I know many of you visit these pages looking for the magic bullet to turn your writing into a vehicle of immense wealth production. I also know there are hundreds if not thousands of people peddling books and services promising you that very thing with too small to read fine print saying if it doesn’t happen for you they cannot be held liable. Hopefully you haven’t paid a lot of money to learn that lesson personally.
A chance listen to NPR on the short drive from client site to hotel recently cause this collection of random thoughts to form a cohesive topic. It was some folk/blues music show playing stuff I had never heard saying the album was put out as a tribute to “Blind Willy.” Most of you will have not heard of “Blind Willy.” If it had not been for one of the best shows ever to be put on television I would not know of him either. I also would not know of Yo-yo Ma or countless other things if it were not for that show.
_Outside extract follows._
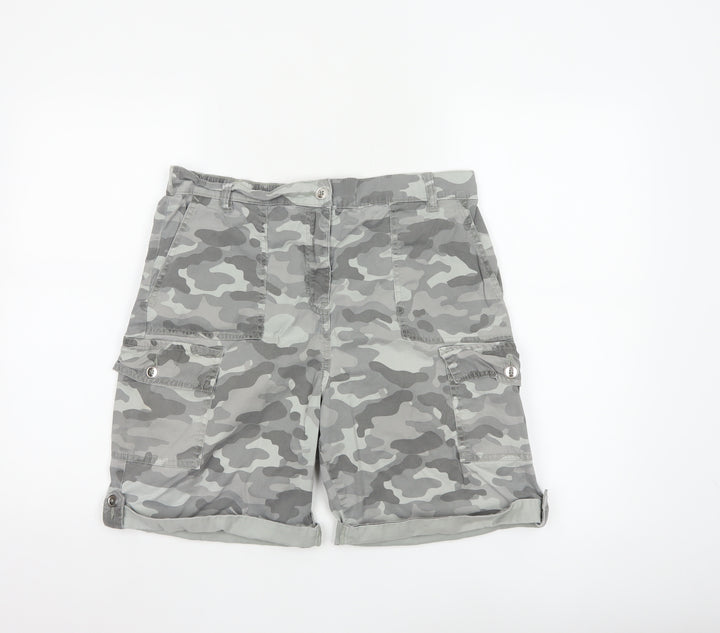 Marks and Spencer Women’s Grey Camouflage Cargo Shorts Size 14
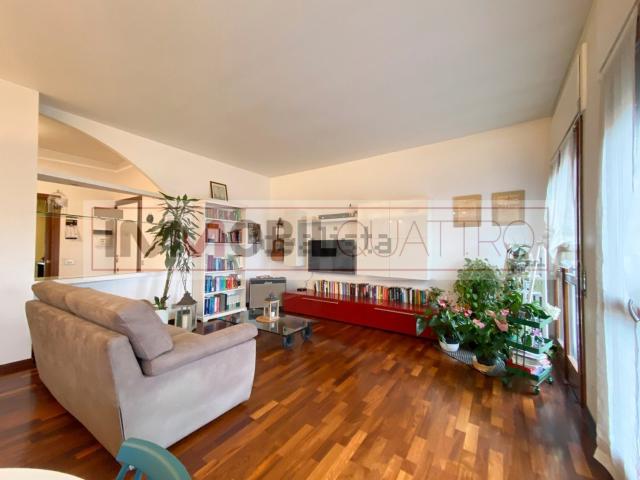 Appartamento in affitto di 125 m² in Piazza Trento e Trieste, 3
Any writer who has not heard “write the kind of book you would like to read” simply hasn’t told anyone they are trying to be a writer. Even people who aren’t in the business will offer that quip in response. The advice is so pervasive one might be persuaded to believe it is true. Sadly, it is one of those old stand byes which doesn’t hold water just like the “write what you know” advice when offered to fiction writers.
Why is this oft repeated phrase incorrect? It assumes you know what you like.
Before you get all indignant with your response to that statement really think about it. Do you really know what you like? Have you ever picked up a book, or popped in a movie you knew nothing about only to find you cannot look away. It covered ground you had no idea even existed. It pulled you in and made you like, nay, love it.
If you have spent any significant time reading books or watching movies you have experienced this. I could throw out the example of Harry Potter here, but I won’t ask how many of you imagined a child wizard attending a school for wizards before Harry Potter was off to the publisher.
Let’s switch genres and ask just how many of you saw the original “A Nightmare on Elm Street” when it came out. True, when you watch it now it seems quite dated due to the clothes and hair, but, nobody had mass released a story about a demon which could pursue us in our dreams manifesting physical harm on us until that tale was spun. Despite what you might think about the genre, the movie was ground breaking.
Now let us return to one of the best shows ever to be on television, “The West Wing.” Even today there are people with strong opinions as to what made that show great. Some say the acting, others say the cast, but I say it was the writing. The best cast and acting in the world cannot pull off a bad script no matter who is directing.
So, you followed the advice of writing what you know and writing what you like and after you got done crossing off all of the items in your list you read your child as objectively as you could only to find it was flat. Now what? It’s missing something but you don’t know what. You have a few close friends read it and realize it gets only tepid feedback.
Everybody wants a one word answer to what is wrong. Well, here it is, depth. You dutifully built a house according to plan, but inside of that house you left bare walls painted a vibrant shade of beige. All of those little nuggets scattered throughout a story give it color, character and depth. They give reason for a person who has no interest in your writing to buy into the story and spend time reading it.
Let us return to the discussion of Josh and the space program. The story itself had little to do with the actual main story. In fact, I don’t even remember the main story.
Josh Lyman: Voyager, in case it’s ever encountered by extra-terrestrials, is carrying photos of life on Earth, greetings in 55 languages and a collection of music from Gregorian chants to Chuck Berry. Including “Dark Was The Night, Cold Was The Ground” by ’20s bluesman Blind Willie Johnson, whose stepmother blinded him when he was seven by throwing lye in is his eyes after his father had beat her for being with another man. He died, penniless, of pneumonia after sleeping bundled in wet newspapers in the ruins of his house that burned down. But his music just left the solar system.
Donna Moss: Okay, that got me.
That one brief exchange did everything depth does for a story. It allowed the reader to paint the characters with a brush of their own choosing while teaching them something both true and touching. Without using any words to discus them, it caused the minds in the audience to consider all of the stories which _had_ to exist for that one brief exchange to happen. How horrible this person’s life must have been. The mysterious government agency consuming their tax dollars which hired someone who cared enough about a human story to say “this song will be one of the limited set we send forth to let ET learn about who we are.”